For Waynesboro residents Allen Groves and his husband Adam Donovan-Groves, having a trustworthy handyman at the ready meant being able to see to each detail of their painting project without having to quit their day jobs for three weeks. Groves, who many know as UVA’s dean of students, said he found his color of choice by knocking on the door of a stranger whose house he admired, and the couple decided to go with a higher end paint variety so they wouldn’t have to apply a primer. All told, Groves and his partner spent less than $5,000 on a job they were able to carefully oversee and that turned out to their precise specifications.
“[Our handyman] knew exactly what he needed to do, and we trusted him,” Groves said. “Put it this way: He is meticulous when it comes to detail, and he wants to do everything right.”
You? You’ll have to find your own super-handyman. Groves isn’t giving up the name of his.
Alternatively, you can go the full contractor route. A good place to start looking is the trade organization Painting and Decorating Contractors of America. The PDCA website offers a search tool that links you to painters, with some information provided about quality of service.

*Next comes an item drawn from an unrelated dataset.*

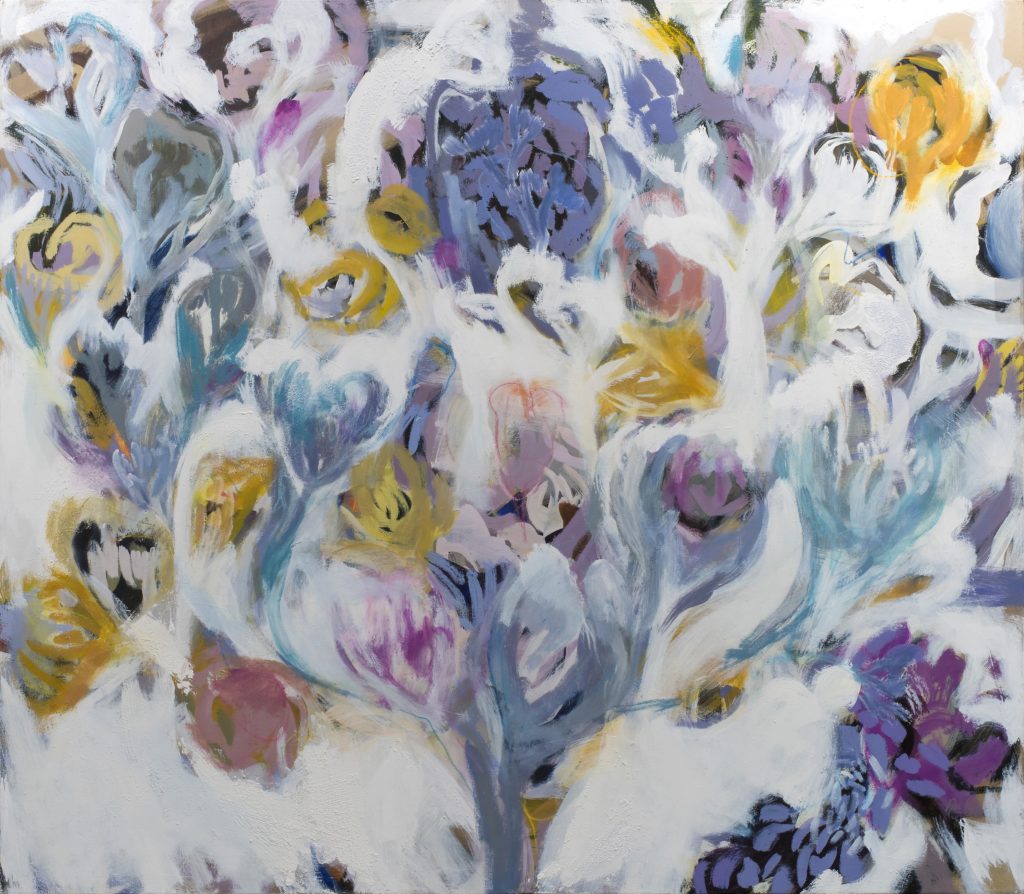 Árbol de la vida II Beatriz Castañeda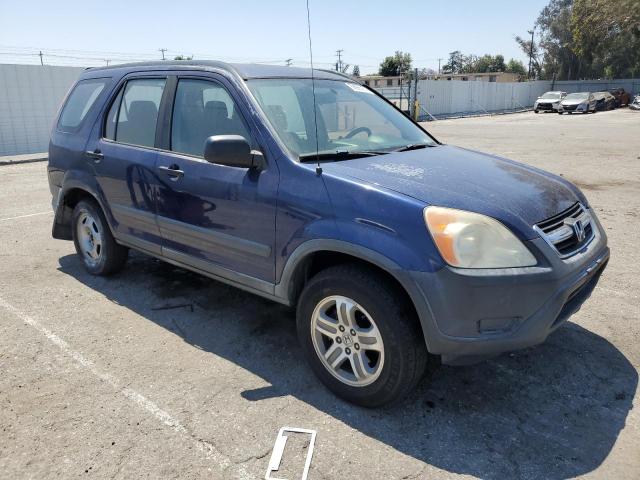 2002 Honda Cr-V Lx VIN: JHLRD68402C004253 Lot: 58965974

On the plus side, hiring a contractor means your job should be completed in about a week, and if you go with a more middle-of-the-road paint quality, you, too, should be able to slip in under the 5,000 dollar mark. A quality contractor also brings with him a range of experience that can help with work on tricky substrates (the stuff that’s being painted on) and help find the right materials for your job.
“If I am painting a certain substrate like brick or a metal roof or old wood trim, there is a method to follow for each of those substrates,” said Charlie Davis, owner of Piedmont Paint & Finish. “That’s why product knowledge and experience are so important.”
Once you’ve found your contractor, expect the unexpected. Bad weather can cost days on end for the total project time, meaning duration can vary widely and drive up the price in the meantime. And remember that every house is different. While brick houses are typically easier to prepare for painting than housing with siding, they can bring with them problems like gaps in the mortar. Older houses present unique challenges.
“Painting projects are just a difficult thing to generalize,” Davis said.